### RECORDS FOR THE TASK:
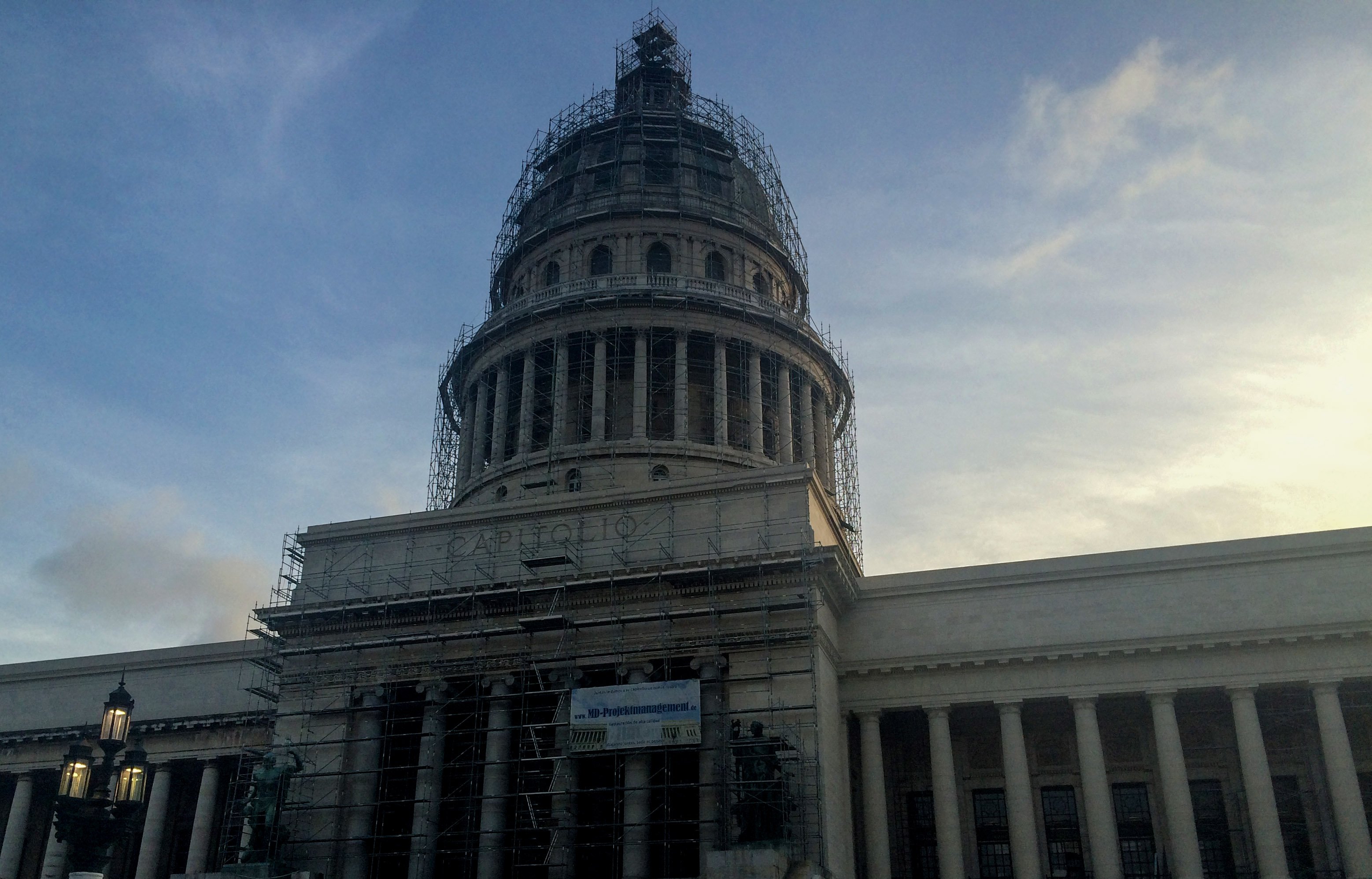 Kuba_capitolio.jpg
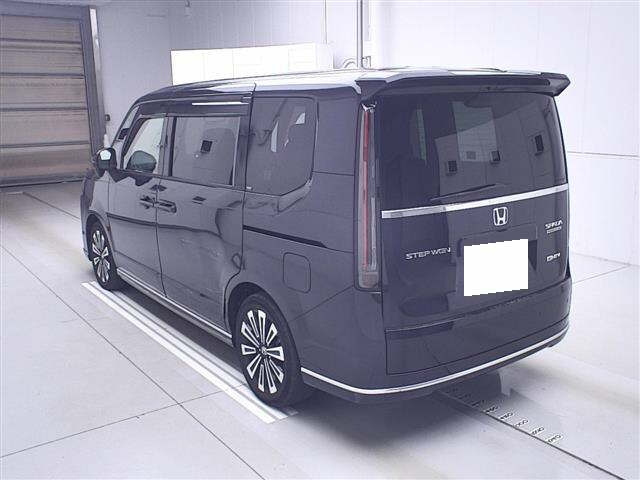HONDA STEP WAGON 2022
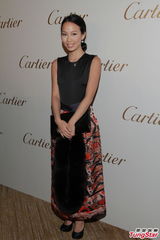 组图：林青霞华丽造型亮相再现巨星风范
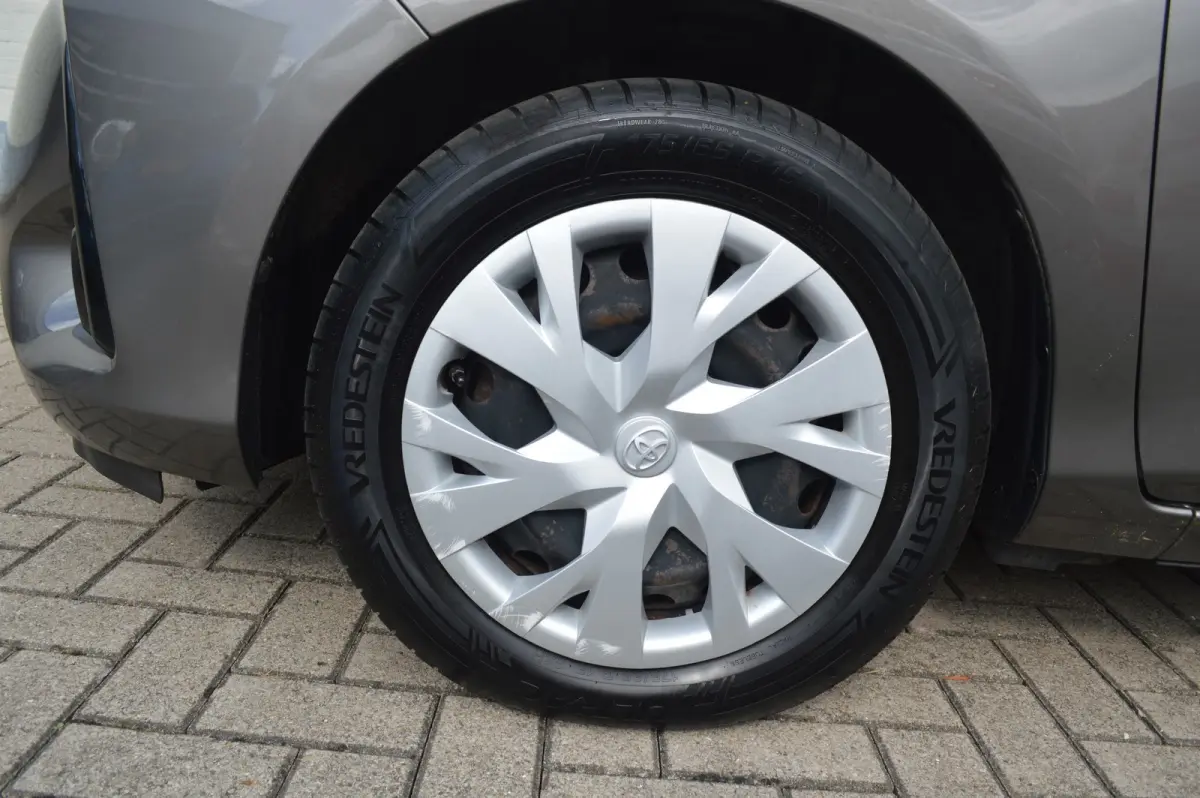 Yaris 1.5 Hybrid Aspiration Automaat / 1e eigenaar / BOVAG RIJKLAARPRIJS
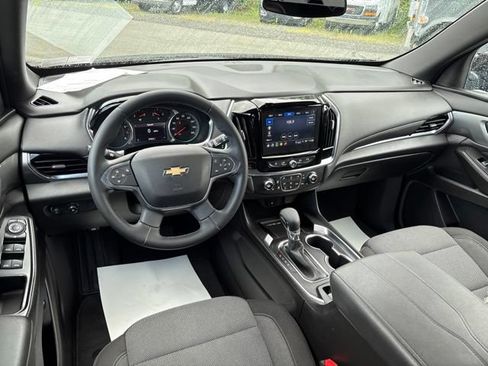 Used 2023 Chevrolet Traverse LT AWD/4WD image 11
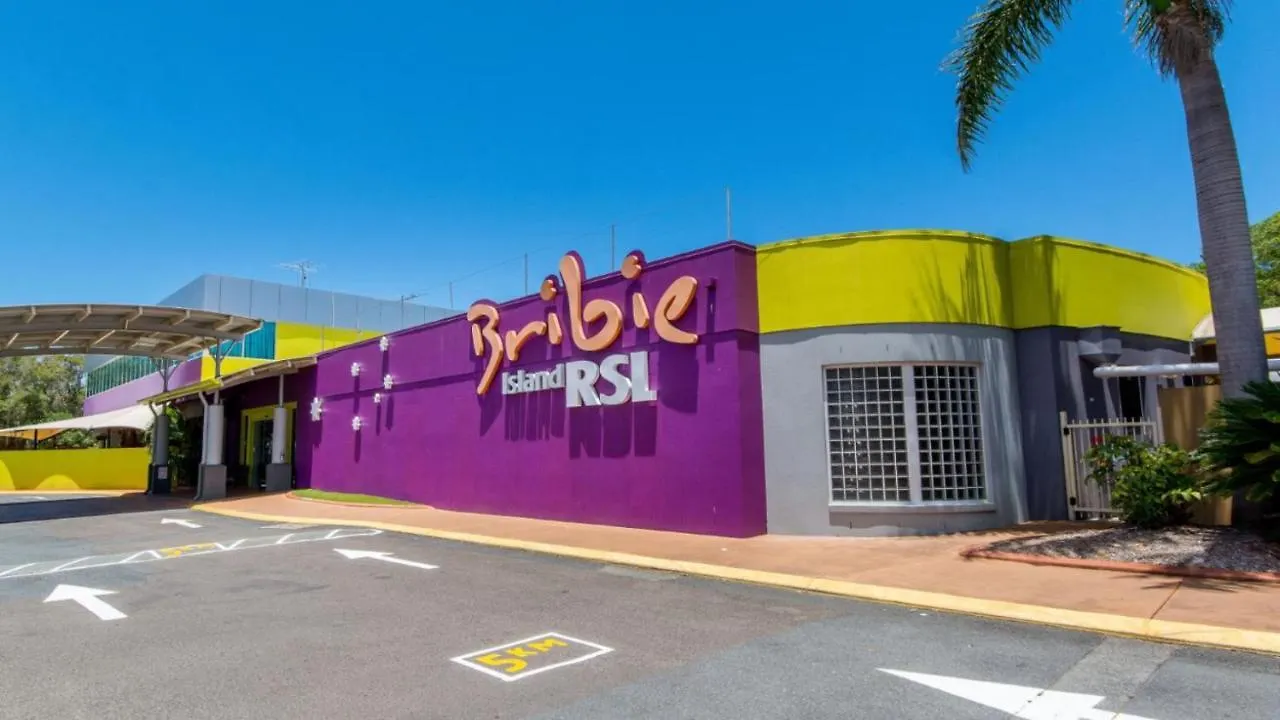 Quiet Location Across From Waterfront - South Esp, Bongaree Villa 0*,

### PROBLEM TO SOLVE:
If a record holds a picture, leave the picture out and copy everything else exactly.

### SOLUTION:
 Kuba_capitolio.jpg
HONDA STEP WAGON 2022
 组图：林青霞华丽造型亮相再现巨星风范
 Yaris 1.5 Hybrid Aspiration Automaat / 1e eigenaar / BOVAG RIJKLAARPRIJS
 Used 2023 Chevrolet Traverse LT AWD/4WD image 11
 Quiet Location Across From Waterfront - South Esp, Bongaree Villa 0*,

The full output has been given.